For single-party regimes, however, 50 percent still survive if stringent
transition criteria are used to determine regime end points, and 33 percent if
less stringent criteria are used. As
can be seen in column 2 of Table 1, the average length of military regimes that
had come to power by 1996 and remain in power now (summer 1999) is only about
seven years. The average length of
single-party regimes that currently remain in power is 35 years (33.5 if less
stringent transition critieria are used).
Although these
differences in the average length of different types of regime are quite large,
we cannot be sure that they really reflect differences caused by regime
type. Military regimes are more common
in Latin America, where levels of economic development are relatively high, and
personalist regimes are most common in Africa, where levels of economic
development tend to be low. It might be
that the stronger demand for democracy by citizens of more developed countries
accounts for the shorter duration of military regimes.

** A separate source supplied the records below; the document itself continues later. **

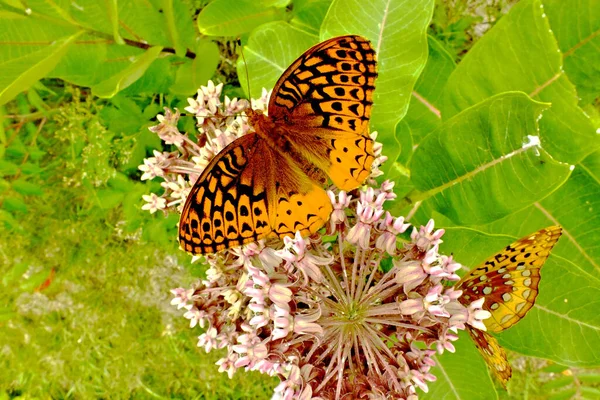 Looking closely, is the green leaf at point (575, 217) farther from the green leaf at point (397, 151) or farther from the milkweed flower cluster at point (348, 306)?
the milkweed flower cluster at point (348, 306)

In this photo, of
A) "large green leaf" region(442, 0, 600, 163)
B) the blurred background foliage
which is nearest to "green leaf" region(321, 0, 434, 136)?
the blurred background foliage

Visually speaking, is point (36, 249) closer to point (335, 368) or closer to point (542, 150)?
point (335, 368)

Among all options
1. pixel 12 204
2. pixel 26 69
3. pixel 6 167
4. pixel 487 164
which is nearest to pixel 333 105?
pixel 487 164

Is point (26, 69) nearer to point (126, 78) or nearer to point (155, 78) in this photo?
point (126, 78)

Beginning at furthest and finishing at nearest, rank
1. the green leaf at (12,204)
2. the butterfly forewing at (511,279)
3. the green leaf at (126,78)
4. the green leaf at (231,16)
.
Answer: the green leaf at (12,204)
the green leaf at (231,16)
the green leaf at (126,78)
the butterfly forewing at (511,279)

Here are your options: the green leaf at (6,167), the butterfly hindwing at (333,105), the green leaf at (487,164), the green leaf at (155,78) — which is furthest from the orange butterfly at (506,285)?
the green leaf at (6,167)

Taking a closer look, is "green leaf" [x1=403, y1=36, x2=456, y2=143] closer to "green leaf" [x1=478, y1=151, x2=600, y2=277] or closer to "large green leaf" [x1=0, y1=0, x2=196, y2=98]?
"green leaf" [x1=478, y1=151, x2=600, y2=277] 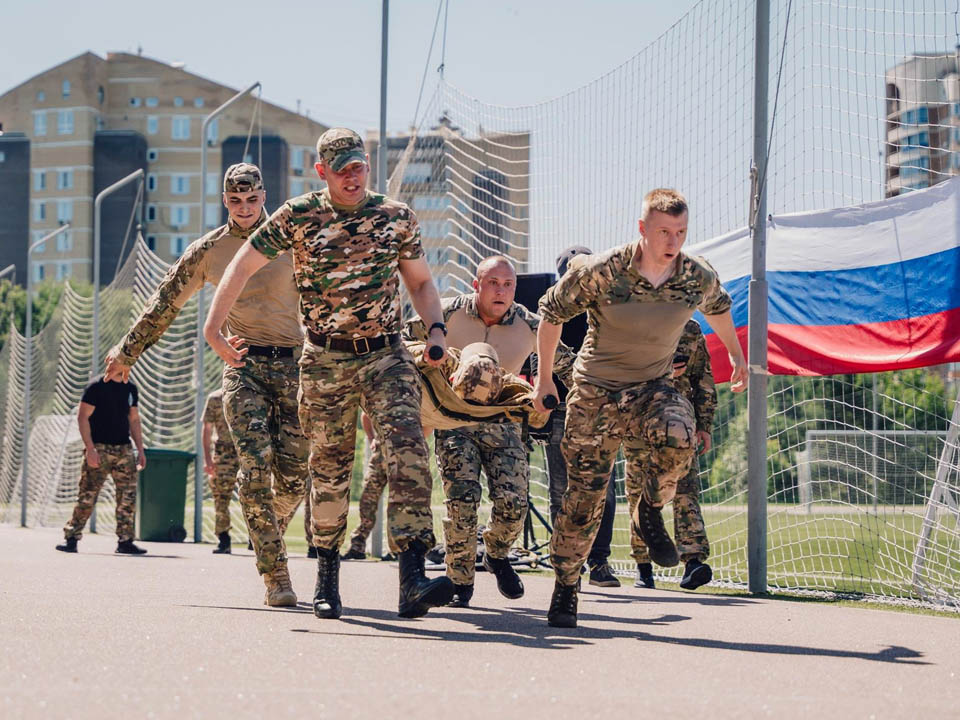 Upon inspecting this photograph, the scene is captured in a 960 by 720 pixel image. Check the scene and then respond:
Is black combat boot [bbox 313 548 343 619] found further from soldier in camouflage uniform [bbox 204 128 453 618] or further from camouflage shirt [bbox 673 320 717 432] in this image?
camouflage shirt [bbox 673 320 717 432]

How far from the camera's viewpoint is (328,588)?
7.14 m

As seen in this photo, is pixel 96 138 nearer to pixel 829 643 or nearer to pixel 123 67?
pixel 123 67

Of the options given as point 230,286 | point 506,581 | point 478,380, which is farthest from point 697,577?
point 230,286

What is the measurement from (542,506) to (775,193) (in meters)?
6.99

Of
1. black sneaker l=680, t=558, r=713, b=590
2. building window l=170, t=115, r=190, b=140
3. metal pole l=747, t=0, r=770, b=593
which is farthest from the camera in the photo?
building window l=170, t=115, r=190, b=140

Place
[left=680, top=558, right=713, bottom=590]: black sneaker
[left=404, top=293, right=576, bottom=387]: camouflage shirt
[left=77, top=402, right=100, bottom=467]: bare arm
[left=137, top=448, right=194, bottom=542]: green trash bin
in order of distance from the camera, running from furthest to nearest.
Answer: [left=137, top=448, right=194, bottom=542]: green trash bin → [left=77, top=402, right=100, bottom=467]: bare arm → [left=680, top=558, right=713, bottom=590]: black sneaker → [left=404, top=293, right=576, bottom=387]: camouflage shirt

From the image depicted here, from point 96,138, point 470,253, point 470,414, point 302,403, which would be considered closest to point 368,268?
point 302,403

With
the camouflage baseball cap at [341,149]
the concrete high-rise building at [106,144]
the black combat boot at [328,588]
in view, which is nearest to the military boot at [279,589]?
the black combat boot at [328,588]

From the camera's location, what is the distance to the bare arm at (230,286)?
7.16 meters

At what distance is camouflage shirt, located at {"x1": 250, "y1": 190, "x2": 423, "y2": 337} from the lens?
690 centimetres

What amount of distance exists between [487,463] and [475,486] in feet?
0.61

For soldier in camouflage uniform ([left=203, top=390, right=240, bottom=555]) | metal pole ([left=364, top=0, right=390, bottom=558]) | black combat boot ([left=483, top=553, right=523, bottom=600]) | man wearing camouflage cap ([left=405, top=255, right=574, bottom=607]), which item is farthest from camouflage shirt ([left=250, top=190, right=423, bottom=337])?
soldier in camouflage uniform ([left=203, top=390, right=240, bottom=555])

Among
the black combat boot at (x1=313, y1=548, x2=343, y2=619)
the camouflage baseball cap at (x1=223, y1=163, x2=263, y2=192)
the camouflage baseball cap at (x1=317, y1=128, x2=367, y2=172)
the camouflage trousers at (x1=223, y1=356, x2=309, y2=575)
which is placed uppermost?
the camouflage baseball cap at (x1=223, y1=163, x2=263, y2=192)

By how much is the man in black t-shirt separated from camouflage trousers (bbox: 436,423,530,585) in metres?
7.56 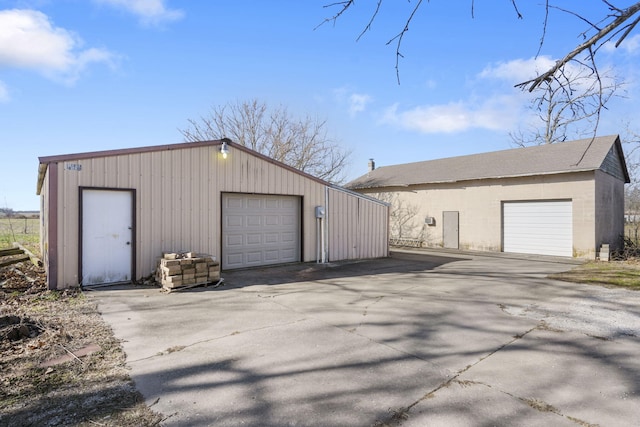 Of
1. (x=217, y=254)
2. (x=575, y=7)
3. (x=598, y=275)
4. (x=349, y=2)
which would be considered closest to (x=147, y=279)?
(x=217, y=254)

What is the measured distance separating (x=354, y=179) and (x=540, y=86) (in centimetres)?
2004

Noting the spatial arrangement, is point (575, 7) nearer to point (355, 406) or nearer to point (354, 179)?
point (355, 406)

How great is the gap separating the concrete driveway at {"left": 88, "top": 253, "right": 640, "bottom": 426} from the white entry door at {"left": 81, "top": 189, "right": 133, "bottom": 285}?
1.82ft

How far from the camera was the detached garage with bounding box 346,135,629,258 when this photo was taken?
41.0 feet

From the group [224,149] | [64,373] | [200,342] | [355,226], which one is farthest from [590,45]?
[355,226]

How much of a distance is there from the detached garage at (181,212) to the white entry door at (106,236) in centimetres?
2

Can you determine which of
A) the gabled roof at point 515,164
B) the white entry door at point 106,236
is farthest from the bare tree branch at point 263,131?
the white entry door at point 106,236

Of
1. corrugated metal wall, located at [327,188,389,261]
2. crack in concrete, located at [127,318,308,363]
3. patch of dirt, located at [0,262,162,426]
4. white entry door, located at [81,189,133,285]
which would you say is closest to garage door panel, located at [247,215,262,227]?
corrugated metal wall, located at [327,188,389,261]

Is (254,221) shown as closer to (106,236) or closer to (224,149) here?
(224,149)

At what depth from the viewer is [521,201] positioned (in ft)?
45.9

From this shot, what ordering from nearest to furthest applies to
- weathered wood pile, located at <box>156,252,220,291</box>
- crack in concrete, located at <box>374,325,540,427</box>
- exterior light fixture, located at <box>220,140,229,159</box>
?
crack in concrete, located at <box>374,325,540,427</box> < weathered wood pile, located at <box>156,252,220,291</box> < exterior light fixture, located at <box>220,140,229,159</box>

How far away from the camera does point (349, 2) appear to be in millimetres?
3182

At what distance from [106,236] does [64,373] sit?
4.77 m

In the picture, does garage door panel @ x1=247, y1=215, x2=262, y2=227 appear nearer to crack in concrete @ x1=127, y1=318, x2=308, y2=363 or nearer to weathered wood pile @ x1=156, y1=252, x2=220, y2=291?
weathered wood pile @ x1=156, y1=252, x2=220, y2=291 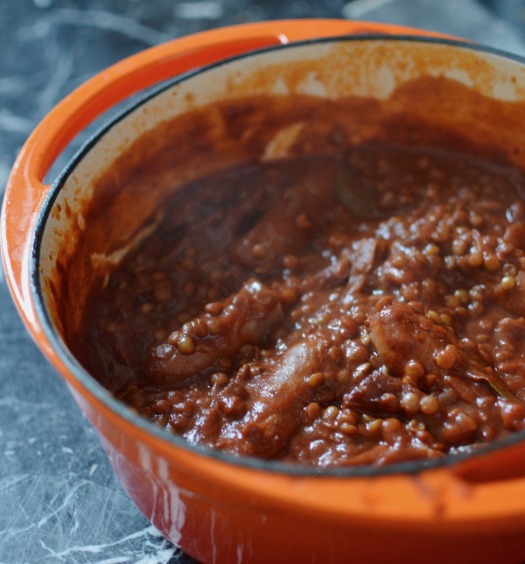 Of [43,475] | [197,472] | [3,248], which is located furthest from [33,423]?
[197,472]

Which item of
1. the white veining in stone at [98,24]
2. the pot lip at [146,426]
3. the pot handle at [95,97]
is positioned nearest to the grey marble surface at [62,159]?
the white veining in stone at [98,24]

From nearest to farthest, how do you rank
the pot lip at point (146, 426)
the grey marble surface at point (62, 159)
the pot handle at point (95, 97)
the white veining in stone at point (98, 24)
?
the pot lip at point (146, 426) < the pot handle at point (95, 97) < the grey marble surface at point (62, 159) < the white veining in stone at point (98, 24)

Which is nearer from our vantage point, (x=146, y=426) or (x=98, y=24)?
(x=146, y=426)

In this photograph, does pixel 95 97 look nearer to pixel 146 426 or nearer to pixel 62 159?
pixel 62 159

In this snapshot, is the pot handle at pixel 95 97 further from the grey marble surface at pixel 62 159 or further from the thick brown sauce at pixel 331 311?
the grey marble surface at pixel 62 159

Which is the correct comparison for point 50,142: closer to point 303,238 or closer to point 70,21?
point 303,238

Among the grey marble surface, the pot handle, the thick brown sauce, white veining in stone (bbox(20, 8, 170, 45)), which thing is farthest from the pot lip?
white veining in stone (bbox(20, 8, 170, 45))

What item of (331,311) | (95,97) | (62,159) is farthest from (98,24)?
(331,311)

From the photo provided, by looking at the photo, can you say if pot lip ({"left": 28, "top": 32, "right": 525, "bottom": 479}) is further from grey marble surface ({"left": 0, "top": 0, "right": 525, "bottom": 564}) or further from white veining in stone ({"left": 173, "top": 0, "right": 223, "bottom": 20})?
white veining in stone ({"left": 173, "top": 0, "right": 223, "bottom": 20}) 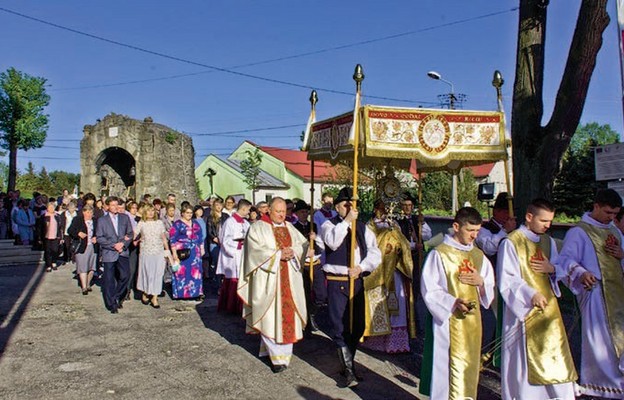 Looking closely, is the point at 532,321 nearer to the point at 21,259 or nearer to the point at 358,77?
the point at 358,77

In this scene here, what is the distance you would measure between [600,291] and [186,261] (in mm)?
6771

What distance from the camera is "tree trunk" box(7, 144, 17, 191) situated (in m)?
26.7

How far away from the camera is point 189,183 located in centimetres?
2516

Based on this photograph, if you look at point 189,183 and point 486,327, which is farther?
point 189,183

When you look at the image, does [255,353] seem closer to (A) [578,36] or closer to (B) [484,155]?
(B) [484,155]

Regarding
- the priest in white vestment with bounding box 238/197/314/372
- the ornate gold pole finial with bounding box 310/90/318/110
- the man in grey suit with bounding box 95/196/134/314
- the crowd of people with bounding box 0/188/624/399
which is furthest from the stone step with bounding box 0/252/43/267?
the ornate gold pole finial with bounding box 310/90/318/110

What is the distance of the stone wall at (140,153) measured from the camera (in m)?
23.2

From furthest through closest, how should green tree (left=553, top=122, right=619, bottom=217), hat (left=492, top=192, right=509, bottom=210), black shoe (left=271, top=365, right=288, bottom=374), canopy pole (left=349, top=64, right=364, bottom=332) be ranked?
green tree (left=553, top=122, right=619, bottom=217) < hat (left=492, top=192, right=509, bottom=210) < black shoe (left=271, top=365, right=288, bottom=374) < canopy pole (left=349, top=64, right=364, bottom=332)

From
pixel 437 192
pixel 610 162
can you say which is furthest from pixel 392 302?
pixel 437 192

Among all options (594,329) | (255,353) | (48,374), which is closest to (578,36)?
(594,329)

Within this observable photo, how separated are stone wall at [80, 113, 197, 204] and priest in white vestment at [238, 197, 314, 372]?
17.7m

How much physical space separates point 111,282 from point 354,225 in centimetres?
494

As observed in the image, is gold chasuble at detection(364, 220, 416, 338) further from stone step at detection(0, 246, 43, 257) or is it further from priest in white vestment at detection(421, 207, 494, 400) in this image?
stone step at detection(0, 246, 43, 257)

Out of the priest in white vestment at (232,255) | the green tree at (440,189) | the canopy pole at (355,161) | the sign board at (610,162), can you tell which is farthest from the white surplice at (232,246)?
the green tree at (440,189) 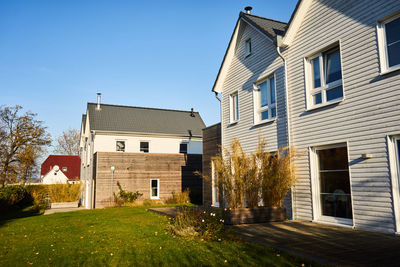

To test for this possibility, I have carried
out statistical tests of the effect of regime type on the probability of regime
breakdown, controlling for level of development, growth rate, and region.[10] Variables used to assess the possible
effects of the length of time already in office have also been included since
others have found a relationship between time in office and the probability of
regime or government end. Region is
used as a quasi-fixed effects estimator.
Fixed effects estimators are used to hold constant aspects of history
and culture that might affect the outcome of interest but that cannot be
directly measured.[11] Results are shown in Table 2.
As can be seen
in Table 2, military regimes break down more readily than other types. The coefficient for the military regime variable
is positive, substantively large, and statistically significant. The regime category left out for the
analysis here is the middle one in terms of expected longevity, personalist. Thus the coefficient for military regime
should be interpreted as an estimate of how much more likely military regimes
are to break down than personalist. The
two intermediate regime types, military/personal and hybrid (in which
single-party/personal regimes predominate since there are very few
single-party/military regimes) are, not surprisingly, not very different from
personalist regimes. Single-party
regimes, however, are about as much more resilient than personalist regimes as
military are less. Finally, the triple
hybrid regimes that combine aspects of single-party, personalist, and military
regime characteristics are the strongest of all.
The control
variables used in the regression also show some interesting effects. As the level of development rises (measured
by the natural log of GDP per capita), authoritarian regimes, like democratic,
become more stable. This finding is
consistent with that of Londregan and Poole (1990 and 1996), who found that the
best predictor of coups, in both democratic and authoritarian regimes, was
poverty. It raises some questions, however,
about traditional demand-centered explanations for the relationship between
increased development and democracy.
This finding is not consistent with the idea that the citizens of more
affluent countries are more likely to demand democratization. Rather, it suggests that when the
authoritarian governments manage the economy well over the long term, regime
allies remain loyal and citizens supportive or at least acquiescent. That interpretation is reinforced by the
very strong negative effect of short-term economic growth on the probability of
regime breakdown. In other words, both
long- and short-term economic performance affect authoritarian regime
stability.
In light of
the arguments about the effects of religion, culture and colonial heritage on
the development of democratic values, it is somewhat surprising that most of
the region variables show little effect.
The left out region here is southern Europe (Portugal, Spain, and
Greece), and we might have expected the regions most culturally distinct from
Europe to exhibit differences in the likelihood of regime transition. Interestingly, the only region with a large,
almost statistically significant coefficient is the Middle East. Authoritarian regimes in the Middle East are
more likely to fall, controlling for economic performance and regime type. This result may at first seem surprising,
given the arguments by area specialists suggesting an elective affinity between
Islam and authoritarianism. The finding
does not imply, however, that democratization is likely. Rather, in the Middle East one
authoritarianism has tended to follow another.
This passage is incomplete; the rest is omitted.